Such a profoundly depressing film. Did Lonnie kill all those women? Probably. Did the LAPD give a single fuck while all these black hookers were dying? Doesn’t look like it. Broomfield is a divisive filmmaker but this case is pretty bonkers. Would love to see a slightly stronger take on the material, something a little bigger.
Still percolating on this one. It’s really beautifully directed. I can’t tell if Carrel’s performance is revelatory or really hammy. I’m having a lot of difficulty with it.
A really assured film. Performance-wise, I didn’t find anybody that stood out, apart from a young actor near the beginning of the movie. It coulda been maybe 10-15 minutes shorter but it’s still really impressive.
It’s Baumbach’s ‘broadest’ movie by far. Baumbach’s depiction of Brooklyn hipsters* is garish and not too nuanced. (They listen to records and have obsessions with kitsch that predates them, apparently) But it tends to come off a little like a grumpy man getting fired up about the youth. Having said that, it’s still better than a lot of other stuff I’ve seen this year. Charles Grodin is great, Adam Driver is a little silly at times but lovely.
The best part of the movie? Adam Horovitz gives a FANTASTIC performance! Fantastic.
Pretty masterfully directed (quel surprise) but found that that the escalation came a little too abruptly.
Not sure I loved it as much the predecessor. But it was a delight to spend time with those characters again.
I’d be happier if whatever money was going to Atom Egoyan’s (or Bruce Macdonald or Deepa Mehta or….) movie just went to Denis Cote. Imagine how much COOLER Canadian cinema would look to the rest of the world for a little while? Even if the resulting film was garbage, it would be interesting and weird and singular.

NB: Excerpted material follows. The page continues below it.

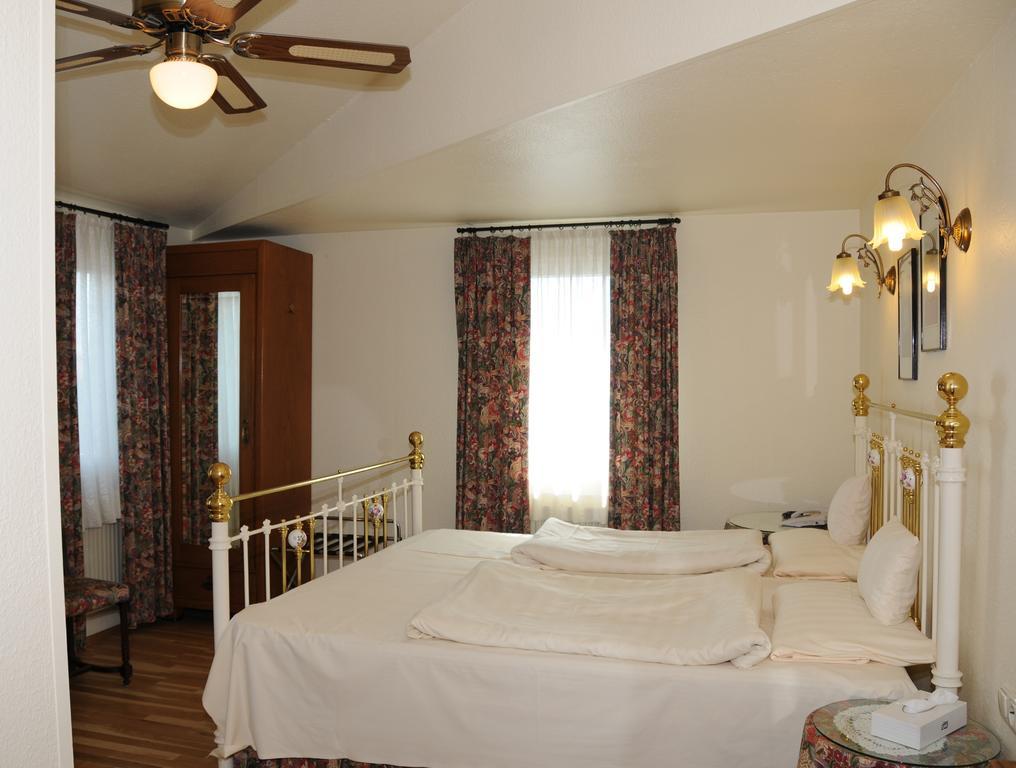 Hotel Admiral Вісбаден Номер фото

Anyway, Flo and Vic is great.
An exquisitely stupid action movie in the best way. The big stakes of the plot never feel that impressive (despite a child being on the line) but the immediate stakes (wrecking a bike in Midtown traffic) are VERY palpable.
Michael Shannon proves once again, for the nth time, that he can elevate almost any material. Give him a glowering crooked cop heavy and suddenly he’s got a high-pitched squeal of a laugh. The menace then comes not from physical intimidation but from this weasely jerk who will do anything to get out of his pathetic gambling bind.

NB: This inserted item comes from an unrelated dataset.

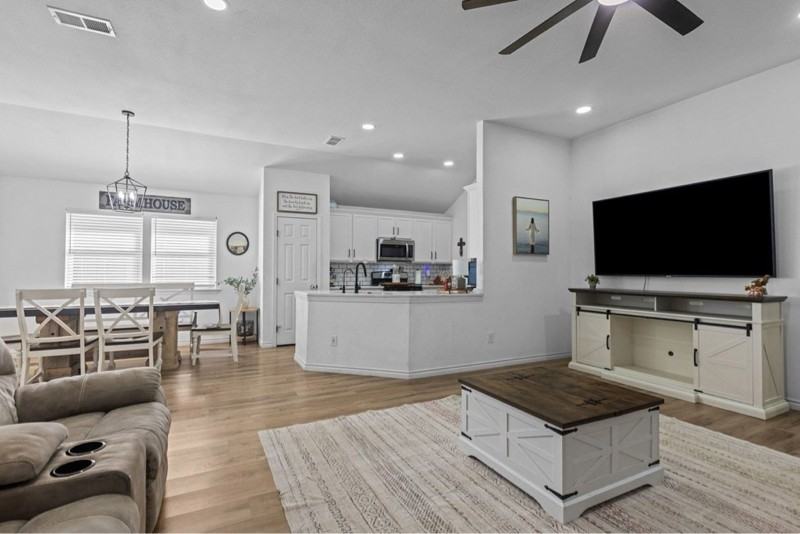 2912 Boardwalk - Photo 3 of 15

I was SHOCKED at how bad I found this. Denis Levant is not fun to watch when he’s a young thug. You don’t really buy that he’s any sort of romantic street tough which, when you think about it, seems crazy. The plot (and I know it’s Carax and plots can be porous) is so stupid. The direction seems so ostentatious. When someone speaks derisively of the stereotypical ‘French Art film’, they’re talking about this.